When we use the term “search engine”, we usually mean the search form that does the searching through billions of HTML documents in the Web that were gathered by a robot. But there are actually three varieties of search engines: spider-driven, human-driven, and a combination of both.
Spider-driven search engines refer to those that make use of automated computer programs (a.k.a. spiders, ants or bots) that visit a web page, read the information contained in it, and follow the hyperlinks to be able to index the rest of the other pages as well as the other websites they link to. All of the information gathered by crawlers are then brought back to a central database where it is indexed. Crawlers then go back to websites from time to time to check if there are any updates. Human-driven search engines are those that are dependent on human users to submit information. This information is then indexed and categorized.
For the purposes of SEO, let’s talk about crawler-based search engines. Such search engines have two main functions:
- Crawling and indexing
- Determining content relevancy and search rankings and providing results
Crawling and Indexing
To make it easier for you to visualize how search engines work, imagine that the vast expanse of the Internet is a huge subway system with a complicated network of stops. Each stop represents a document (i.e. web page, jpg, pdf, etc.). Search engine spiders need to crawl the entire subway system and locate all of the stops using the only path available – hyperlinks. Through those links, search engine spiders are able to get to the billions of pages, files, photos, videos, and other interconnected documents.
Once the crawlers land on these pages, they then analyze their source code and store selected data in massive hard drives that will later be recalled when requested by users in their search query. To be able to carry out this colossal task of storing billions of web pages so that they can be retrieved in a split-second upon request, search engines have made enormous datacenters in different cities around the world. These storage facilities house numerous machines that are capable of processing big data. After all, human users demand search results on the spot. A three-second delay might cause them to get displeased, so search engines work really hard to provide results as fast as they can.
Providing Results
When you search for something online, search engines have to scour their billions of stored documents and:
- Select those that are relevant to the query
- Rank the results based on their perceived value
Because of this, relevance and importance/popularity are what a search engine optimization (SEO) campaign aims to influence.

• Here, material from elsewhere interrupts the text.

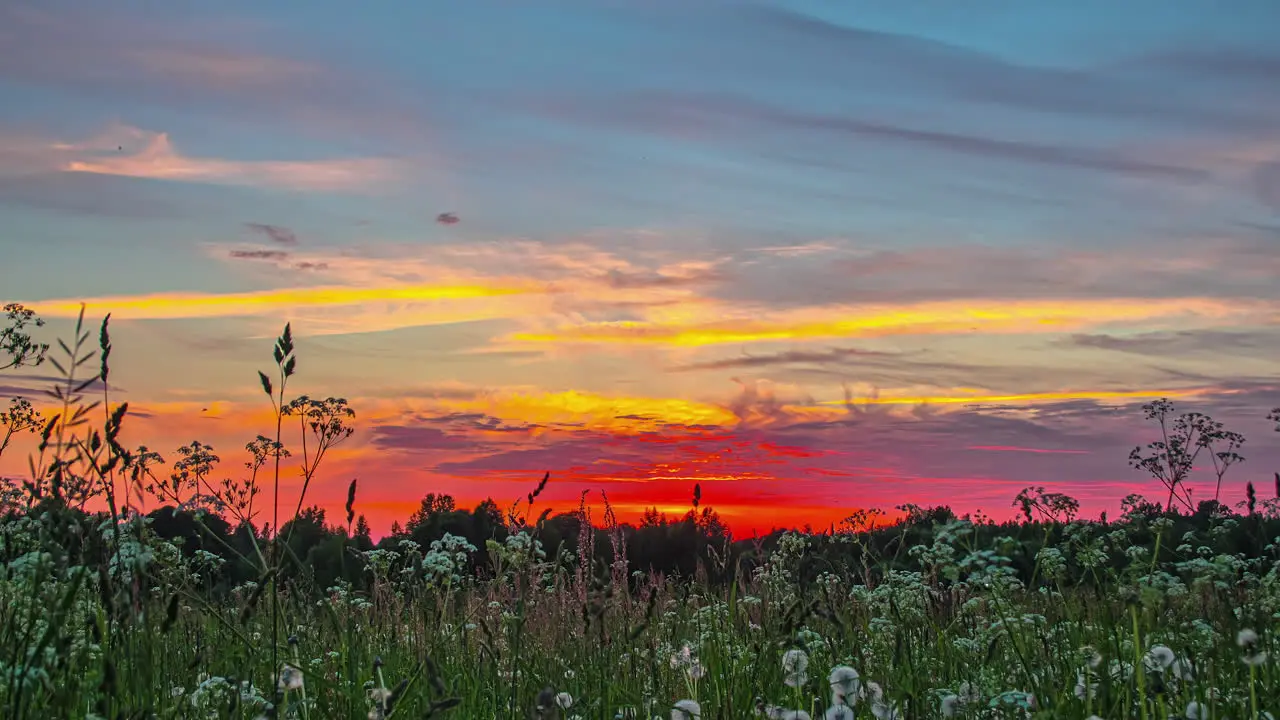 Dramatic view of colorful cloudy sky during golden hour showing shooting star passing through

Do you notice that sometimes search engine returns dead links? This is precisely because the search results are based on their records or index. So if the index isn’t up-to-date and hasn’t been revised since that web page got invalid, then the search engine still treats that page as if it were active.

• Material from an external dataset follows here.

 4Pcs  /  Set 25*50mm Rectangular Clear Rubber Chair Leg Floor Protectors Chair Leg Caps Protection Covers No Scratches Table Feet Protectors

Also, do you notice that queries using different search engines return varying results? Partly it’s because not all indices of search engines are the same. It actually depends on what their crawlers find or what human users submitted to them. Another reason is because search engines use different algorithms to determine the relevance of the data found in the index to what human users are searching for.

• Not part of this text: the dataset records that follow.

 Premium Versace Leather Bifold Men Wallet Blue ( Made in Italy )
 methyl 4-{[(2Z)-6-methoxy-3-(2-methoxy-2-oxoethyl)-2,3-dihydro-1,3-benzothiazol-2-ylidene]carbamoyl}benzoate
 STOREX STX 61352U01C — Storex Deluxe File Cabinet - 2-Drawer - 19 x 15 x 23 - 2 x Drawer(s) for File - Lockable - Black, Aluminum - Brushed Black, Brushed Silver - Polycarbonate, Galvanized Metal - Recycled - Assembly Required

How Can I Design a Successful SEO Campaign?
Search engines are very stingy when it comes to sharing the algorithms that they use to rank pages and determine their relevance. They only provide limited information as to how webmasters can drive more traffic to their websites and achieve a better slot in search engine results pages. But a summary of what little SEO-related information they have revealed can be found below:
- Design websites for humans, not for search engines.
- Make use of text links and make all of your web pages reachable through static text links.
- Create pages with useful and informative content. Don’t forget to fill in the <title> tag and ALT attributes.
- Don’t overuse links per page. Less than 100 is okay.
Yahoo!
Yahoo! says that the factors that can affect search results are the following:
- Number of inbound links
- Content
- Updates to indices
- Discovery of other websites
- Changes to their search algorithm
Bing
- Include targeted keywords in the visible body text.
- Limit pages to around one topic per page and to a practical size. An HTML web page without pictures should be a maximum of 150kb.
- Pages should be accessible by static text links.
- Don’t put your targeted keywords and the phrases you wish to be indexed within an image. Use text and not images of text.